Fue Taubenberger quien en los años noventa pudo empezar a caracterizar al agente causal de la influenza usando técnicas de recuperación e identificación de RNA viral en el Instituto de Patología de las Fuerzas Armadas de Washington. Buscó y encontró en los más de 3 millones de especímenes almacenados desde 1917 en dicho laboratorio muestras de pulmón de soldados muertos por influenza en 1918. Después de varios meses de búsqueda infructuosa, a mediados de 1996, pudo recuperar, de una sola de las muestras, fragmentos del virus de la influenza. En octubre de 1996 envió su trabajo a publicación. Nature ni siquiera quiso mandarlo a revisión y Science lo hizo sólo después de que varios expertos virólogos intercedieron a favor de este desconocido patólogo que no contaba con las credenciales para atreverse a generar un descubrimiento de esa magnitud.
A pesar del éxito alcanzado, Taubenberger sabía que era necesario confirmar sus hallazgos con otras muestras de tejido de víctimas de la influenza de 1918, muestras que tal vez le permitirían recuperar todas las secuencias de los genes del virus, pero ¿dónde encontrarlas? Y es aquí donde entra de nuevo en escena, 45 años después, Hultin.
Retirado en San Francisco, el patólogo sueco, al conocer los hallazgos de Taubenberger, se volvió a entusiasmar con la posibilidad de regresar a Alaska a tomar nuevas muestras de pulmón en los cuerpos del cementerio de Brevig y, con las nuevas técnicas, recuperar y caracterizar al virus que había llenado cientos de sus horas de insomnio. No tardó en establecer contacto con Taubenberger y a las pocas semanas organizar por cuenta propia un viaje a Alaska.
Lo entristeció la vida en Brevig. En 45 años, la hermosa comunidad que practicaba técnicas ancestrales de caza y pesca de ballenas, había terminado sometida a la beneficencia. Familias enteras vivían en el ocio recibiendo dinero de una compañía petrolera que les pagaba por la explotación de sus tierras.

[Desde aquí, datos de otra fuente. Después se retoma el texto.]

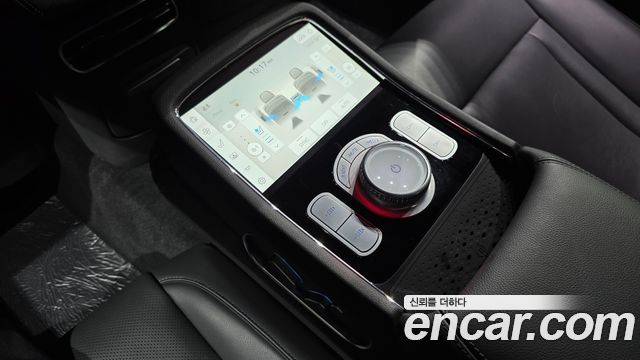 Genesis G90 2023 — photo 18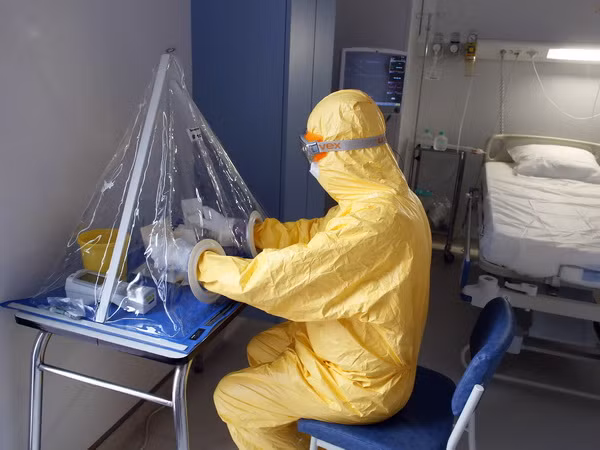 Chuyển biến mới trong điều trị Ebola: Virus không dễ lây lan? ảnh 1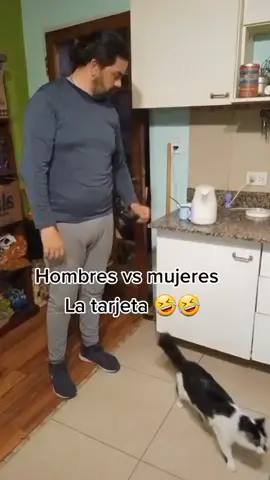 🤣🤣🤣#pareja #comedia #viral #lasuyelbarba #hombres #mujeres #videosvirales #vidacotidiana @Susan y  Barba oficial. 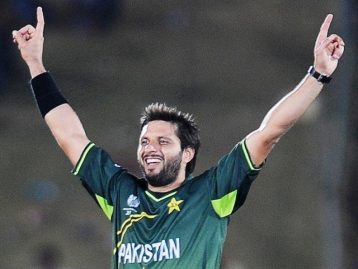 Pakistan ex-cricket captain Shahid Afridi contracts virus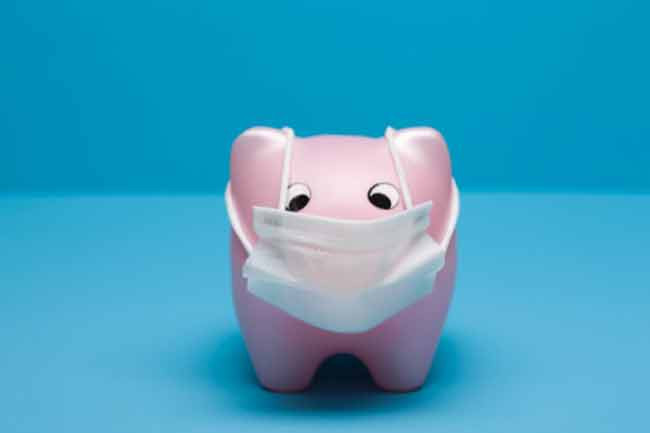 Biến thể của cúm lợn: Virus cúm này lây từ lợn sang người. Trong đa số các ca bệnh, biến thể này chỉ giống như thể nhẹ của cúm theo mùa, tuy nhiên vẫn có các trường hợp biến chứng. Đối tượng dễ mắc bệnh chủ yếu là trẻ em vì đây là đối tượng có hệ miễn dịch yếu.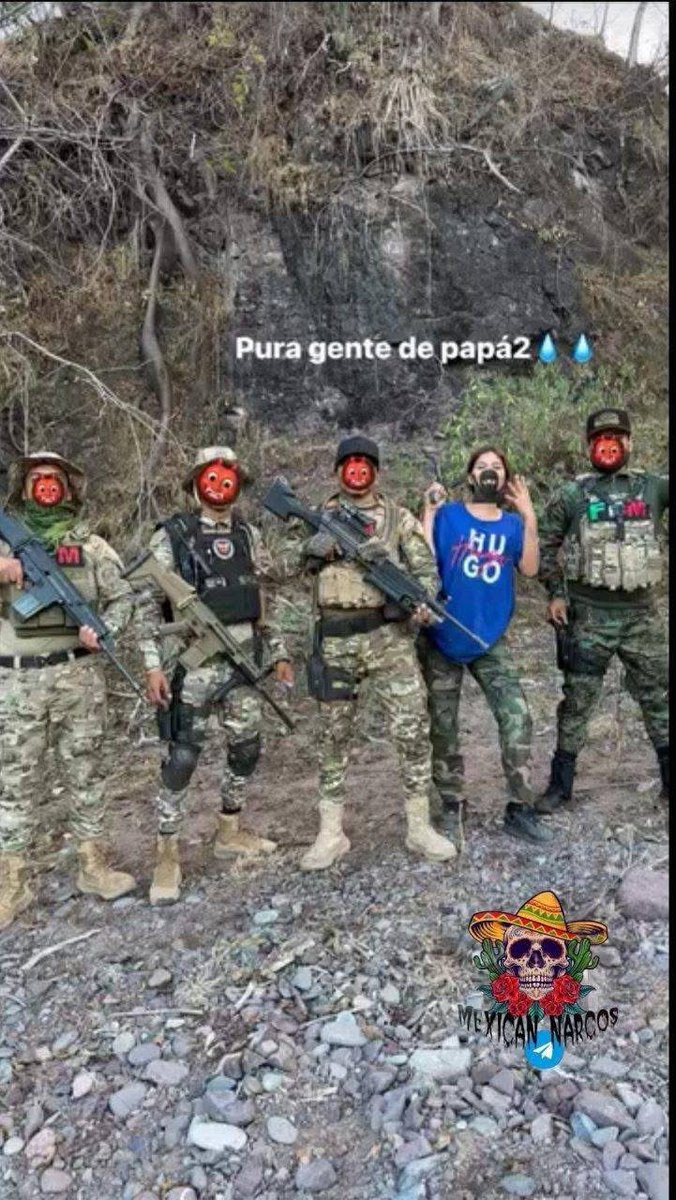 Laverdadaldia12's tweet photo. #CJNG
#MUJERE
El Cártel Jalisco Nueva Generación vuelve a utilizar las redes sociales como vitrina de poder. Fotografías atribuidas a la facción “Dos Aguas” exhiben la participación activa de mujeres armadas dentro de sus estructuras, mientras autoridades mantienen silencio y la violencia criminal se recrudece en Michoacán.
Por: Redacción
Ciudad de México. A 3 de febrero, 2026
En redes sociales comenzaron a circular imágenes de presuntas integrantes del Cártel Jalisco Nueva Generación (CJNG), identificadas con la facción conocida como “Dos Aguas”, en las que se observa a hombres y mujeres portando uniformes tácticos, armamento y equipamiento de tipo militar.
Las fotografías, difundidas principalmente en cuentas dedicadas al monitoreo de narcoviolencia, generaron impacto y alarma, debido a que evidencian la incorporación visible de mujeres en estructuras armadas del crimen organizado, un fenómeno que, aunque documentado previamente, ahora es exhibido abiertamente como parte de una estrategia de propaganda.
El alias “Dos Aguas” también ha comenzado a circular como el de una presunta sicaria vinculada al CJNG, con supuesta operación en Michoacán, particularmente en zonas serranas y rurales en disputa, donde el cártel mantiene presencia activa frente a grupos rivales.
De acuerdo con publicaciones difundidas desde inicios de 2026, el apodo estaría asociado a una mujer que aparece en imágenes con parches de las llamadas “Fuerzas Especiales Mencho” (FEM), amuletos religiosos y simbología utilizada por células armadas del CJNG, reforzando la narrativa de control territorial y capacidad operativa.
El nombre “Dos Aguas” coincide además con una localidad del municipio de Aguililla, considerada plaza estratégica e históricamente disputada, lo que ha alimentado versiones que ubican a esta facción como parte de grupos armados activos en el corazón del conflicto criminal michoacano.
Cuentas especializadas en seguridad señalan que estas presuntas operadoras estarían involucradas en labores de vigilancia, control de rutas, monitoreo con cámaras y drones, así como en tareas de logística armada en zonas de difícil acceso. Sin embargo, ninguna autoridad federal o estatal ha confirmado oficialmente la identidad o existencia de la persona conocida como “Dos Aguas”.
Toda la información disponible proviene de fuentes abiertas, filtraciones no oficiales y contenido no verificado en redes sociales, lo que obliga a mantener reservas sobre su autenticidad, aunque expertos advierten que este tipo de material forma parte de la propaganda criminal utilizada para infundir miedo, marcar territorio y reclutar.
MUJERES, UN NUEVO ROSTRO DEL PODER ARMADO DEL CJNG
La participación de mujeres dentro del CJNG ya no se limita a roles secundarios. Diversos casos documentados por autoridades mexicanas y estadounidenses muestran su incorporación en áreas de logística, finanzas, jefaturas de plaza y operaciones armadas, incluso dentro de unidades de élite.
Entre los perfiles más conocidos se encuentra María del Rosario Navarro Sánchez, “La Chayo”, detenida en 2025 y acusada por Estados Unidos de narcoterrorismo; Ana Karen Bravo Gutiérrez, “La Loca”, señalada como sicaria y coordinadora operativa; Ana Fabiola Mata Alfaro, identificada como jefa de plaza en Guanajuato; y Josefina Ramírez Josani Vargas, “La Chepa”, operadora clave en actividades de extorsión y tráfico de drogas.
Además, se ha documentado la existencia de unidades femeniles especiales del CJNG, algunas dedicadas al manejo de drones y labores de inteligencia, lo que confirma una expansión estructural del grupo criminal.
Especialistas advierten que el reclutamiento de mujeres suele estar ligado a contextos de vulnerabilidad, coerción o vínculos sentimentales con integrantes del crimen, aunque en algunos casos se les otorgan posiciones estratégica.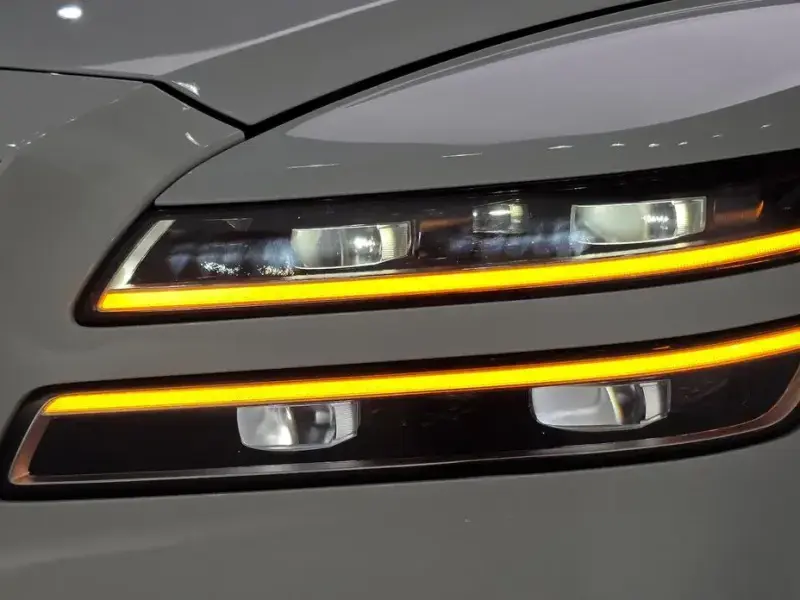 2023 Genesis GV80 с пробегом 63 264 км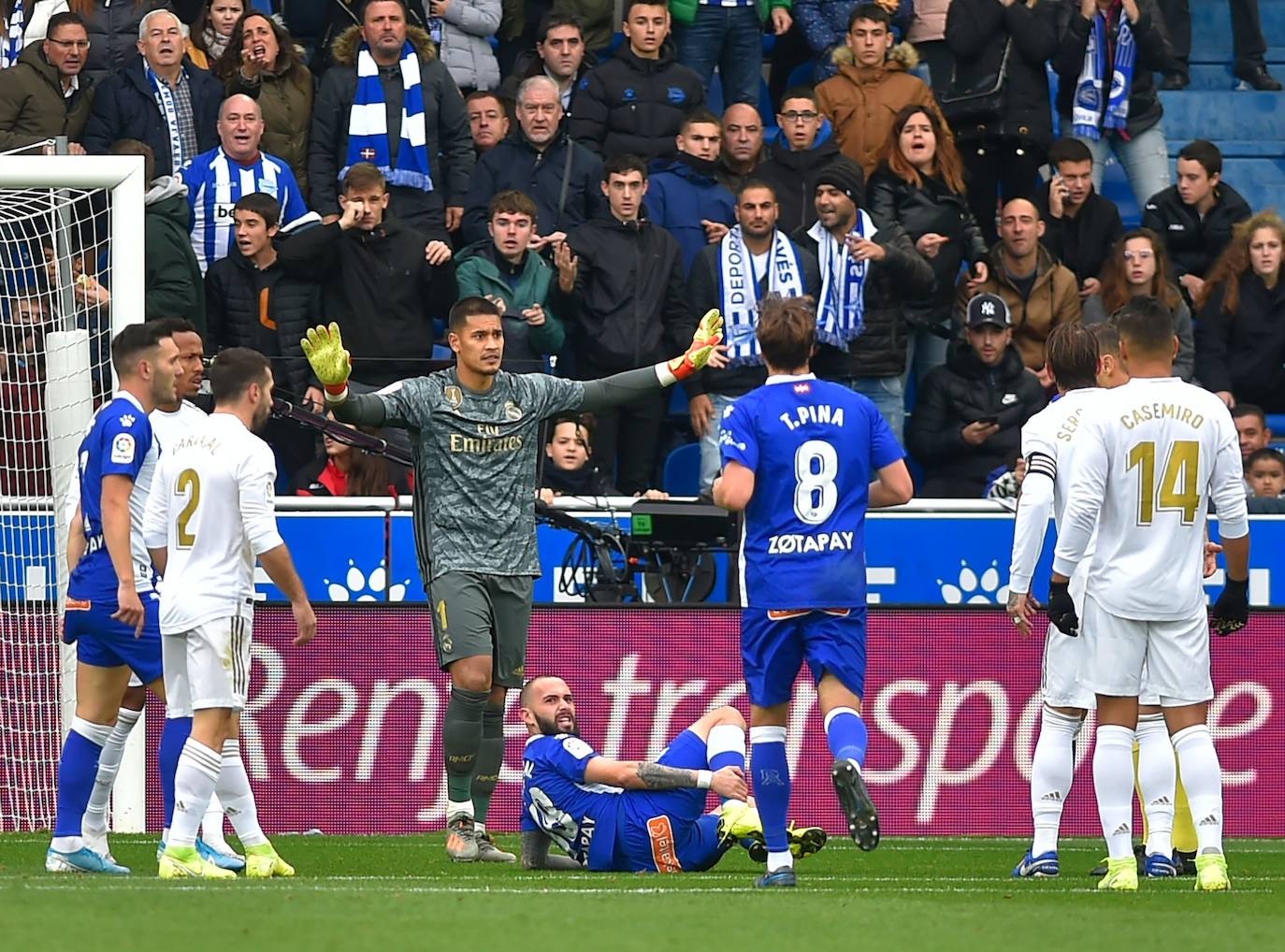 Fotos: Las mejores imágenes del Alavés-Real Madrid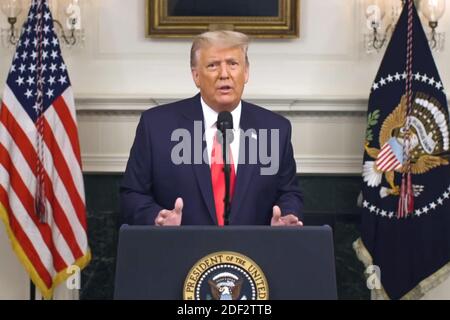 Washington DC, USA. Dezember 2020. In diesem Frame-Clip von Facebook, Präsident Donald J. Trump, die über die Wahlergebnisse in einem Video aufgenommen im Weißen Haus ohne Publikum am Mittwoch, 2. Dezember 2020. Für die Aufnahme war kein Drücken zulässig. Trump wiederholte falsche und unbegründete Vorwürfe eines weit verbreiteten Wahlbetrugs, als er sich weiterhin weigert, die Wahl einzugestehen, die er vor einem Monat an den designierten Präsidenten Joe Biden verloren hat. Kredit: UPI/Alamy Live Nachrichten Stockfoto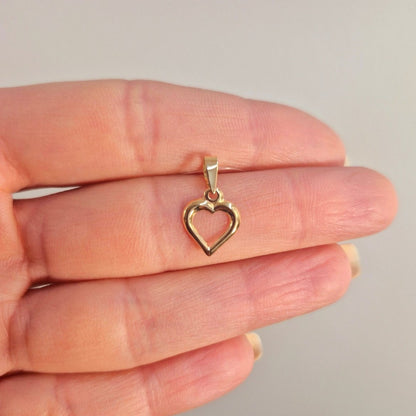 Ett genombrutet hjärta 9mm i bredd. Tillverkad i 18k guld. 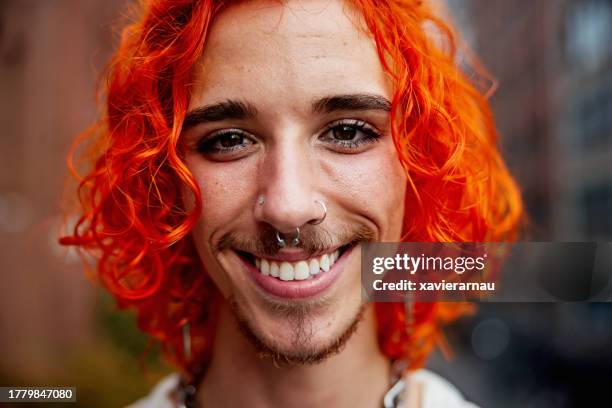 gay neoyorquino con el pelo teñido de rojo y sonrisa feliz - pendiente de la nariz fotografías e imágenes de stock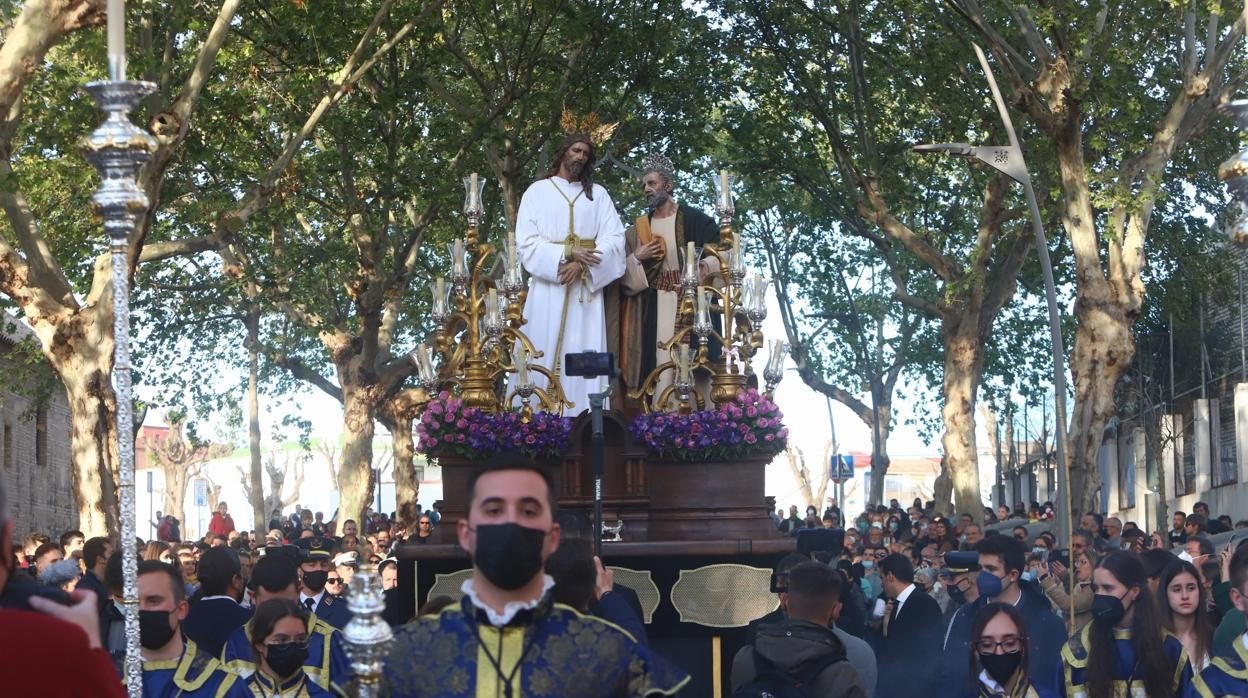 La procesión de Jesús de la Bondad en Córdoba, en imágenes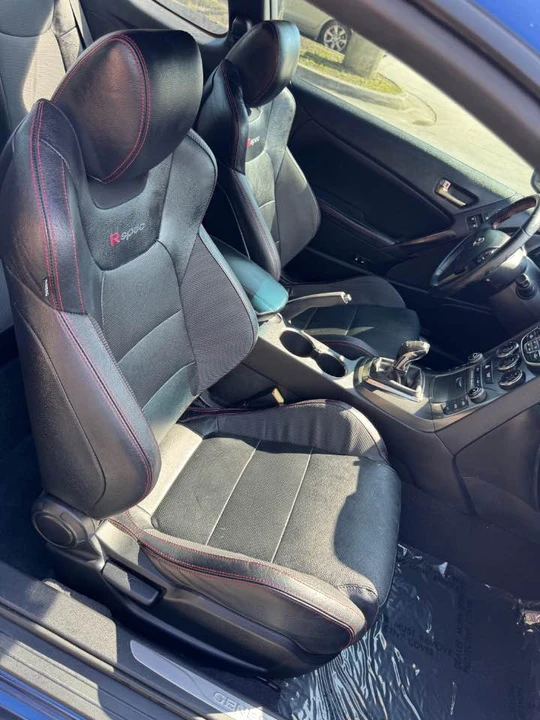 2015 Hyundai Genesis Coupe - Image 15 of 20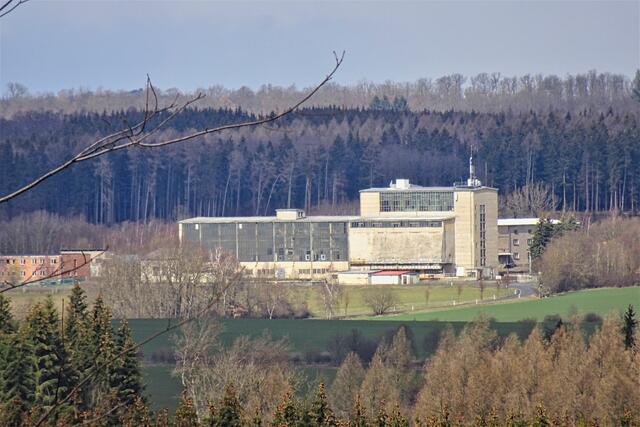 das bis 1990 betriebene  Flußspatwerk in Strassberg - vom Bergbaurundwanderweg aufgenommen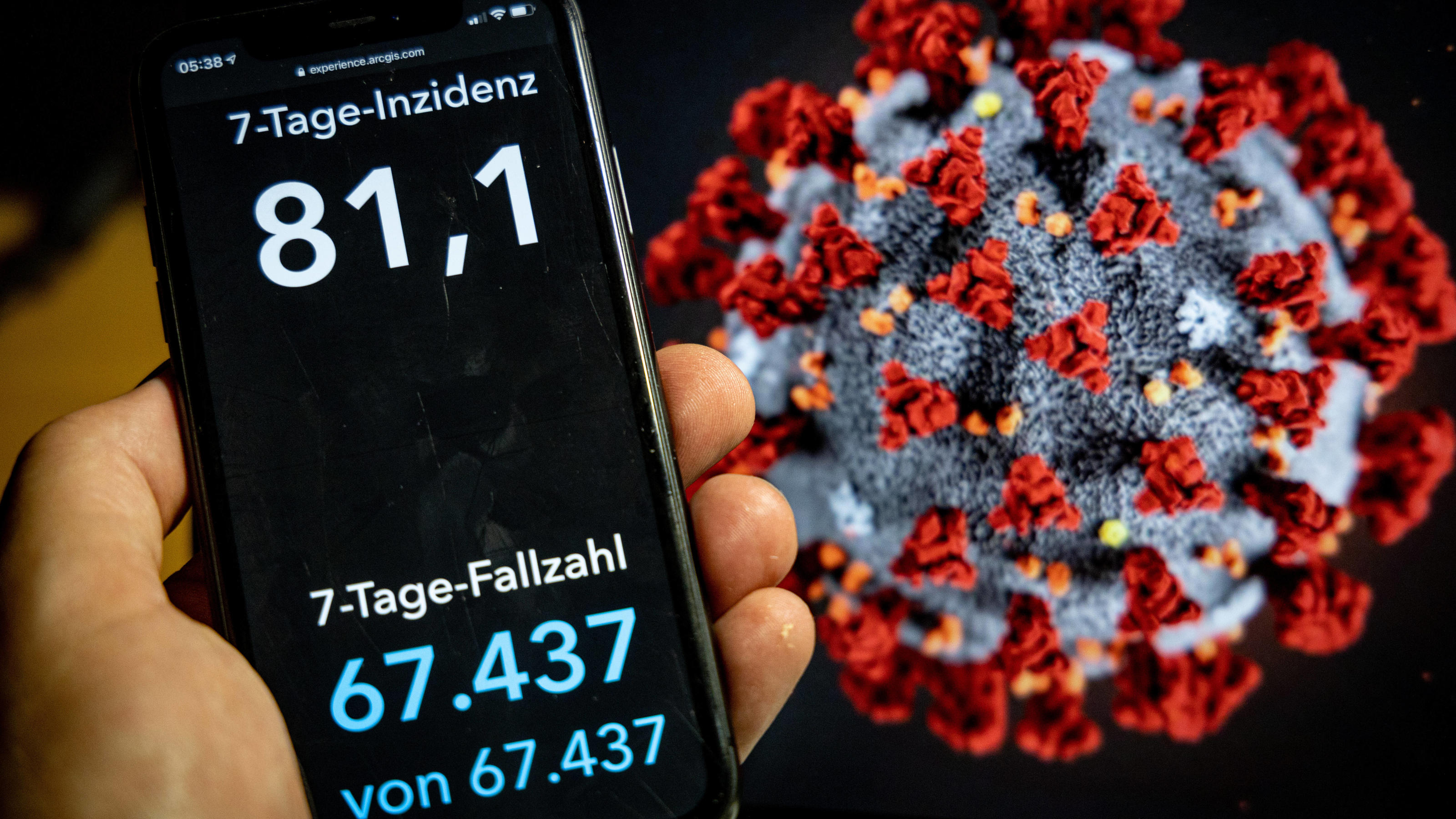 Warum die Corona-Inzidenz im Osten so hoch ist und im Westen so niedrig Coronavirus in Deutschland - Covid-19-Dashboard des Robert Koch-Institut 14.09.2021: Robert Koch-Institut: 7-Tage-Inzidenz 81,1. 7-Tage-Fallzahl 67.437. COVID-19-Fälle 4.089.476. Zugang um 6.325 gegenüber dem Vortag. COVID-19-Todesfälle 92.686. Zugan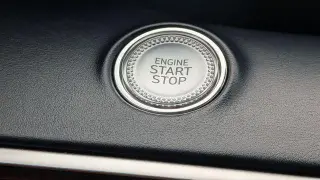 Genesis GV70 2023 AWD 2.5T Standard 4dr SUV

Repuesto de la impresión, restableció contactos, repitió la labor de convencimiento que llevó a cabo en esos mismos parajes en su juventud y con la ayuda de cuatro entusiastas esquimales cavó hasta encontrar el cuerpo bien conservado de una mujer de 40 años de la que pudo tomar muy buenas muestras de tejido pulmonar. A los pocos días Taubenberger las tuvo en sus manos y una semana después identificaba las secuencias del afamado virus.
Hoy la pandemia de influenza de 1918 empieza a recuperar el sitio que le corresponde en la historia de la salud pública. Las pandemias de 1957-58 y 1968-69 contribuyeron sin duda a sacar del ostracismo a tan extraordinario evento. Lo mismo hicieron la amenaza infundada de influenza porcina de 1976 y, más recientemente, los trabajos de Hultin y Taubenberger Y ahora la posible pandemia de influenza aviar ha puesto en boca de literalmente todos el tema de las grandes gripes. El libro de Kolata, que también contribuye a remediar el olvido, no pudo haberse publicado en momento mejor.